This script configures the Cadence base directory, license directory, and license file so that a copy of Genus can be checked out.
It then appends to the $PATH variable the path to the Genus binaries.

Note: This script should launch Genus in 64bit mode.

Once the path is updated, you can run Genus simply through the genus command.

% genus
TMPDIR is being set to /tmp/genus_temp_18772...
Cadence Genus(TM) Synthesis Solution.
Copyright 2018 Cadence Design Systems, Inc. All rights reserved worldwide.
Cadence and the Cadence logo are registered trademarks and Genus is a trademark
of Cadence Design Systems, Inc. in the United States and other countries.
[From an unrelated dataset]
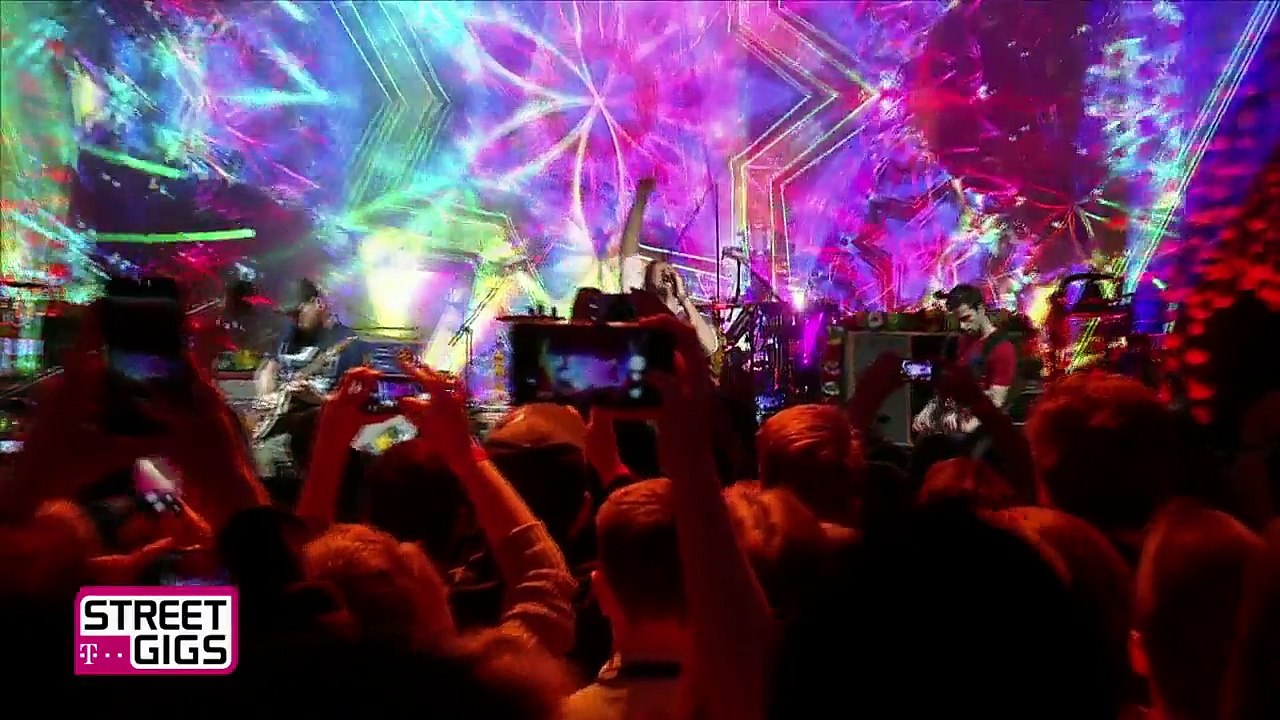 Coldplay - A Head Full Of Dreams live @ Telekom Street Gigs Germany 2015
Version: 18.12-s018_1, built Thu Oct 25 18:11:18 EDT 2018
Options: 
Date:    Fri Aug 16 16:59:24 2019
Host:    examplehost
OS:      Red Hat Enterprise Linux Workstation release 6.10 (Santiago)

Checking out license: Genus_Synthesis

Loading tool scripts...

Finished loading tool scripts (11 seconds elapsed).

WARNING: This version of the tool is 294 days old.
@genus:root: #>

The @genus:root: #> indicates that you are now in the genus shell, and you can now begin executing genus commands.

Create setup and run tcl scripts by running

@genus:root: #> write_template -split -outfile run.tcl

This will generate a setup script that can be configured to load the libraries, as well as a run script that can be configured to automate the synthesis run. -split separates the setup and run into two scripts, setup_run.tcl and run.tcl.

Edit the setup script and configure the library search paths. Additional environment variables are defined to simplify the paths. They can also be absolute filepaths.

set libpath /opt/local/cadence/design_kits/gpdk045/lan/flow/t1u1/reference_libs/GPDK045
set timingpath $libpath/gsclib045_all_v4.4/gsclib045/timing
set lefpath $libpath/gsclib045_all_v4.4/gsclib045/lef
set qrcpath $libpath/gsclib045_all_v4.4/gsclib045/qrc/qx
#######################################################################################
set_db / .init_lib_search_path [list $timingpath $lefpath $qrcpath]

For an example script, see this file.
This script is written to configure the libraries, but not the HDL search paths as they aren't necessary in this tutorial. This script covers everything in the Setup section of this guide.

The set_db / .init_lib_search_path tells Genus where to search for library files. When setting the technology files, LEF files, and QRC tech files, Genus will either search an absolute filepath, or within one of the directories specified with this command. The / indicates that the attribute will be set for the root level, configuring it for the entire Genus run. If / is used, a . must precede the attribute.

Note: If you want to specify multiple strings to an attribute in Genus, you must do so simultaneously using TCL List format. If you specify them sequentially, the new value will replace the old one.
Exceptions to this exist such as read_lefs -lef <leffile1> and read_lefs -add_lef <leffile2>; those accomplish the same thing as set_db.

Note: TCL list format can be specified using {a b} or [list a b $c]. Braces indicate that everything within should be interpreted as a string literal, therefore variable substitutions don't work, so we use the alternative.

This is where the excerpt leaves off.